The San Francisco Map Fair

Fellow cartographers!

I’m standing in a large ballroom at the Regency Center and there’s static and friction in the air as hundreds of people are scurrying around from one booth to another as if they’re at Comic Con. They’re smiling and giggling and laughing as if they’ve just snatched an autograph from their favorite celebrity.

But they’re not and they haven’t. Instead, we’re all standing in a room filled to the brim with hundreds if not thousands of maps – maps tacked up on displays and racks and stalls, left out in the open air for us to sort and filter through with our grubby little hands.

Yet these are not just ordinary maps.

I was joking with a friend that brought me along for the ride about how realistic these prints were when an elderly man with glasses perched on the tip of his nose interrupted us: “Oh, they’re real enough,” he said with a careful, wry smile. It was at this point that I looked down and suddenly realized that the map I was holding was a real specimen from the 1700s and it cost more than $11,000.

The annual San Francisco Map Fair doesn’t screw around. You want maps? Here’s every possible map that’s ever been printed. You want the lithographed version of that? Here. You want the first sketch by the cartographer’s second cousin? Please don’t waste my time with such easy questions.

Maps of every kind and sort were on display; maps for possible and now long forgotten railroads across North America, maps and drawings of Europe after WWI, maps drawn up by the military that drew an American-made Tokyo after WWII, maps that were advertisements for tourists, French propaganda maps, maps of death and conquest in England, maps of Paris, Berlin, Oahu...

…maps of the Bay Area before the earthquake, maps with very, very good Rs…

It’s almost too much. The whole place reminded me of a well organized Flickr account where you can spend an entire afternoon just falling through an infinitely scrolling interface of endlessly interesting ideas. And with each map you can throw on a new filter in your mind to think about the world. Okay, let’s see all these maps as just fancy lookin’ graphics. Look at those lines! How did they draw those? Look at those cute baby cows perched on the edge of that island! The colors there! The sheer, relentless restraint of this one!

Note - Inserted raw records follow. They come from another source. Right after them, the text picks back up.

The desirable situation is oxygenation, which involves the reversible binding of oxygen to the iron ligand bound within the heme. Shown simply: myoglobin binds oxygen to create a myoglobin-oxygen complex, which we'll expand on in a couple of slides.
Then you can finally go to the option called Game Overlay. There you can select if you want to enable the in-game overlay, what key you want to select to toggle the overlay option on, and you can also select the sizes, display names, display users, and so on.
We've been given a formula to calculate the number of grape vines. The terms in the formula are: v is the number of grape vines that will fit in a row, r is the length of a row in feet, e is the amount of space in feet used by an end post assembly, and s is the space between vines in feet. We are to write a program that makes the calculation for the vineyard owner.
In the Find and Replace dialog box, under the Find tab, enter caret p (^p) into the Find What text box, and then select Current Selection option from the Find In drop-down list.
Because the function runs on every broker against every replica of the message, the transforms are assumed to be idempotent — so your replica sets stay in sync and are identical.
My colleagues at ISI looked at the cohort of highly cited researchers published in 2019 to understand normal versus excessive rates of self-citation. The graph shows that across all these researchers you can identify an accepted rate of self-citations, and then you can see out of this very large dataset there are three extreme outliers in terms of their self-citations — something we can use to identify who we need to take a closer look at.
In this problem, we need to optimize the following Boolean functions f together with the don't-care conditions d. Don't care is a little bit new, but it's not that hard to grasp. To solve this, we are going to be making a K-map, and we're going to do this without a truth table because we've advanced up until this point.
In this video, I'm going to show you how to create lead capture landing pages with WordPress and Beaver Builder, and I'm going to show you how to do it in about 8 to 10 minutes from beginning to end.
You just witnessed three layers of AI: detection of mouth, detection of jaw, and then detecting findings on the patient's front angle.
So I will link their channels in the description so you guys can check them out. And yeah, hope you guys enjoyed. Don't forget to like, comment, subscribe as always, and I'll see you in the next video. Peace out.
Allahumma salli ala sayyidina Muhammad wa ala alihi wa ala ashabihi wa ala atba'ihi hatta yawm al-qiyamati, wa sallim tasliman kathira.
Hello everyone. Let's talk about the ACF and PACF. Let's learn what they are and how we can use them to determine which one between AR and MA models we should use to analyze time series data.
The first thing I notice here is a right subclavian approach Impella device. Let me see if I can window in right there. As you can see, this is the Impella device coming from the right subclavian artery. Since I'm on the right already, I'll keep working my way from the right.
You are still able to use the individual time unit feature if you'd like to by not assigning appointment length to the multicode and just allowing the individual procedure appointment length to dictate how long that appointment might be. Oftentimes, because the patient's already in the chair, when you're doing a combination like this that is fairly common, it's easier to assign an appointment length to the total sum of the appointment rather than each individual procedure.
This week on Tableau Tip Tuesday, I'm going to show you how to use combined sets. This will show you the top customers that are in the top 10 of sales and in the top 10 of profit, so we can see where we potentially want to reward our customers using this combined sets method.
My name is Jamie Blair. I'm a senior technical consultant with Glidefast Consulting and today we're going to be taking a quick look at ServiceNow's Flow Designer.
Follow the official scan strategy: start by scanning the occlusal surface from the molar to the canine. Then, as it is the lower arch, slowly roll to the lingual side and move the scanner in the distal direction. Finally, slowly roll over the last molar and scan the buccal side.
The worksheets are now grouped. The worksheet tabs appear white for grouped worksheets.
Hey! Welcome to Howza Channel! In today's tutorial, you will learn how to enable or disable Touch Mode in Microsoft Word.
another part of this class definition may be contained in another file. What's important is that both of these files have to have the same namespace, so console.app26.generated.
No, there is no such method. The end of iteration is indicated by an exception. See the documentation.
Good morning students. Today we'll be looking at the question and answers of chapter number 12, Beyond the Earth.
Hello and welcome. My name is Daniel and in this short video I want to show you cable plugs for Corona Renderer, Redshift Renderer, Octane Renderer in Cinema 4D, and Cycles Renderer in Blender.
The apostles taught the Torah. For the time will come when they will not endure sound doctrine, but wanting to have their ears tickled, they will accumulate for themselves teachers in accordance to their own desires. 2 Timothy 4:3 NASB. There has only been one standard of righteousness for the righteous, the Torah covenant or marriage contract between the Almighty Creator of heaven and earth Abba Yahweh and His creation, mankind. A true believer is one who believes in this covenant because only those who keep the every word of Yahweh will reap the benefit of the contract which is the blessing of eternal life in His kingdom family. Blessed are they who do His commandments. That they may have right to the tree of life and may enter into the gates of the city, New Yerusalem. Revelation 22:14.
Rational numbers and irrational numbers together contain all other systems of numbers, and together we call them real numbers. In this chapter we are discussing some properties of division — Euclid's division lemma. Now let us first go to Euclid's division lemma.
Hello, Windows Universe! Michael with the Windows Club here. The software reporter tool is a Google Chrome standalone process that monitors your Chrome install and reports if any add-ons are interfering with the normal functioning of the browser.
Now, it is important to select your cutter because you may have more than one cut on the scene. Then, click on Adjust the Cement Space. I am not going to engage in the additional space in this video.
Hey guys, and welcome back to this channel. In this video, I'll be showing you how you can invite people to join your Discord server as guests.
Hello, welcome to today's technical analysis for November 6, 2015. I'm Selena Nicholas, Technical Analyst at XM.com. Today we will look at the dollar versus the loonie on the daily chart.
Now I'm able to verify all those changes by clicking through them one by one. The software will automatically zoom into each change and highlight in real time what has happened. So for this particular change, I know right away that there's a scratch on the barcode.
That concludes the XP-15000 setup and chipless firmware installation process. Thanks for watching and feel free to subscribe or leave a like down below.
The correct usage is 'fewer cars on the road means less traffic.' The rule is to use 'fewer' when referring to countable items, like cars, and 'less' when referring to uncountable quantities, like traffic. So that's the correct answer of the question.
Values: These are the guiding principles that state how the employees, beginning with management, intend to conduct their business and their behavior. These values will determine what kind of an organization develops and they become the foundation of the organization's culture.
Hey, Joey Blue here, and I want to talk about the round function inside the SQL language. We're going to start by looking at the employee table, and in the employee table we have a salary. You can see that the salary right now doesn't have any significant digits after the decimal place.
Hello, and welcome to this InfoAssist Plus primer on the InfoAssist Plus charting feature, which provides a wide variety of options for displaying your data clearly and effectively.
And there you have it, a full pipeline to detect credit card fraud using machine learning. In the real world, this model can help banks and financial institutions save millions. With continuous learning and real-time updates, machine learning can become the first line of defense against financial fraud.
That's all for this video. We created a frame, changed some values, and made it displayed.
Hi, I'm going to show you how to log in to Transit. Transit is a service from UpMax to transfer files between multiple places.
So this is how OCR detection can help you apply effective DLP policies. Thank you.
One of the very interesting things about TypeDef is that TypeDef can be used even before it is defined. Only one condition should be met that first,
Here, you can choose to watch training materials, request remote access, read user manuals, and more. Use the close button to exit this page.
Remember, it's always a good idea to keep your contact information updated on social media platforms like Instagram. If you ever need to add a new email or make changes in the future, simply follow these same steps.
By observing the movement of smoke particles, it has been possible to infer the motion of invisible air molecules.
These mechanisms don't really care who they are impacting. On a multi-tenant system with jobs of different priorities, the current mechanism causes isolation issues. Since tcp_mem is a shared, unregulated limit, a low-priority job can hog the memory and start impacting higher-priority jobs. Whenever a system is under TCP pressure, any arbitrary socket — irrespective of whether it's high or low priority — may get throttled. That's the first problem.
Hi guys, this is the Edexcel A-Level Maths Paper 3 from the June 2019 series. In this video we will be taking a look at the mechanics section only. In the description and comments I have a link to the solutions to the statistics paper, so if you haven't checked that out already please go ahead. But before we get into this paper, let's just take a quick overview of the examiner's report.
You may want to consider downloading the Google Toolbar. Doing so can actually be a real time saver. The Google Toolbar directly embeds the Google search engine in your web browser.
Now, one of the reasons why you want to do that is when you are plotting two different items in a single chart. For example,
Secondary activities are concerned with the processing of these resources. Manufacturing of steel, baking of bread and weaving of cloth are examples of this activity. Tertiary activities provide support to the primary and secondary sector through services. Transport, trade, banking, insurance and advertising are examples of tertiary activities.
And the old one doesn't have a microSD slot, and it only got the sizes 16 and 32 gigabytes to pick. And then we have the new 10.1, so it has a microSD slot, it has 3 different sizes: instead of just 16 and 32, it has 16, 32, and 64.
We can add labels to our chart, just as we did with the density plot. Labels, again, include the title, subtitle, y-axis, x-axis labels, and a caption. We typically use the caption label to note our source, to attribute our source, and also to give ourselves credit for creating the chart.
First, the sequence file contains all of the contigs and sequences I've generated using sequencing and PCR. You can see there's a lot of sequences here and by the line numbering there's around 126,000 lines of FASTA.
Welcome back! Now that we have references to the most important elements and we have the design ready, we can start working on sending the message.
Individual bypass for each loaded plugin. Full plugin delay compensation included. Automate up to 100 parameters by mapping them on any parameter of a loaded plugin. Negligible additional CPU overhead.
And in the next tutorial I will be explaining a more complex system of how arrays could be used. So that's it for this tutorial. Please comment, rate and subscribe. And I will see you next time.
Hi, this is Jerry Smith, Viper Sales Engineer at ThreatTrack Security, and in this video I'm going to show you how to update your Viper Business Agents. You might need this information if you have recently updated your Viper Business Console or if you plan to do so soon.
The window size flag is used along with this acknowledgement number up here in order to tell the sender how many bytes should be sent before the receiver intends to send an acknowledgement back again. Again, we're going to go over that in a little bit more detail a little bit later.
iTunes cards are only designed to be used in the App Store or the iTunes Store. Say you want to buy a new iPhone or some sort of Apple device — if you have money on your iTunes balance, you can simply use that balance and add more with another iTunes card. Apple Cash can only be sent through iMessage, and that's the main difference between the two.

Okay, what about History? Well, this map here was printed by an airline company to prove that flight was a boring routine and not something to be afraid of. Oh and this map to your left redistributes the countries that the USSR gobbled up. And this map here doesn’t include the islands off the coast because we hadn’t discovered them yet. Maps aren’t just fancy graphics, maps aren’t harmless, these borders are what people die for. These maps are territories, assets, priceless resources for mass slaughter, assassination, the pillaging of an entire civilization.

These maps don’t draw the world so much as shape it from the ground up.

All of this is to say that the next time the San Francisco Map Fair rolls into town you should find yourself the nerdiest friend you have and drag them along. Because you’ll both walk out of there with the biggest smiles and perilously empty bank accounts.